Well you weren’t too far off. We have had 23 different dogs in our house plus numerous visitors. I can only remember 3 that would walk away from uneaten food. The first one was believe it or not, a male Lab. Strange dog. He would steal paper off the table and leave food. If he got loose, he would run up to you when he saw you coming with the leash. The second was a Shepherd. typical of them. The third was a daughter of hers we sat one weekend shortly after she had been bred. She wouldn’t touch the puppy chow she was supposed to be eating even chicken broth on it. I finally got her to eat a little of her regular adult food. Her people were pleased she ate anything.

I know litte of cats. I will say that with some dogs not only do you need to put the cats’ food where the dog can’t get it, the litter box too.

Where did Garfield as a glutton come from? ‘‘Fat cats’’?

When I put together all the cat anecdotes I’m familiar with, my WAG is that a cat who eats everything available is one who has known starvation.

We free feed our two cats: they have a food silo we keep full of high quality kibble, and they nibble at their pleasure. Both are an optimum weight for their sex and age.

Many of the cat owners I tell about this are astounded and say their cat would just eat the whole thing. Their cats would turn out to be rescues or strays (kudos on that), while both our cats came to us from private homes where they always had enough to eat.

Don’t know about dogs.

It depends on what kind of food I give my dog whether he’ll graze or wolf it all down. Most dry kibble I can feed him once a day and he’ll eat a little, walk away, then return later and eat some more. But he will finish all of it within a day. He’s about a 75 pound Lab and I feed him 4 or 5 cups of food. However, now, he’s eating lamb and rice kibble and will absolutely inhale it. I have to feed him half in the morning and half in the evening. Otherwise he will eat all of it at once, then go all day with no more food until the next day. He eats no people food, by the way.
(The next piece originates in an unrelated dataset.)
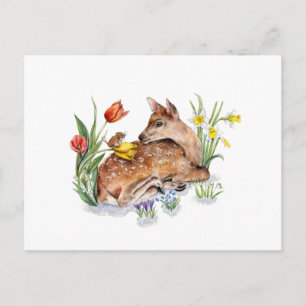 Postal Deer de primavera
Just dog food and an abundance of dog treats.

Big cats will often stash their kills for eating later.

Great tip that will help keep him healthy (avoiding gastric torsion, a potentially fatal twisting of the gut that big dogs who eat fast are at high risk for, and it kills very fast, relatively speaking) AND help keep him stimulated and amused: feed him via treat dispensers. My dog get about 80% of his meals via some kind of challenge that slows him way down and keeps him busy.

My guy is so good at it and used to it that I have taken to making Puppy Popsicles by making his food wet (adding canned and water, cottage cheese, whatever) and stuffing it inside toys and bones and freezing it. A full day’s rations can fill a lot of different things and keep him occupied for hours spread over the day.

There’s also a great variation in dogs that were spayed/neutered versus dogs that were not. My last dog only got spayed when she was 11 years old (she lived to 17.5) – and before she got spayed wouldn’t even touch anything that didn’t have meat in it. Especially not those stale croutons people feed their pets for some reason.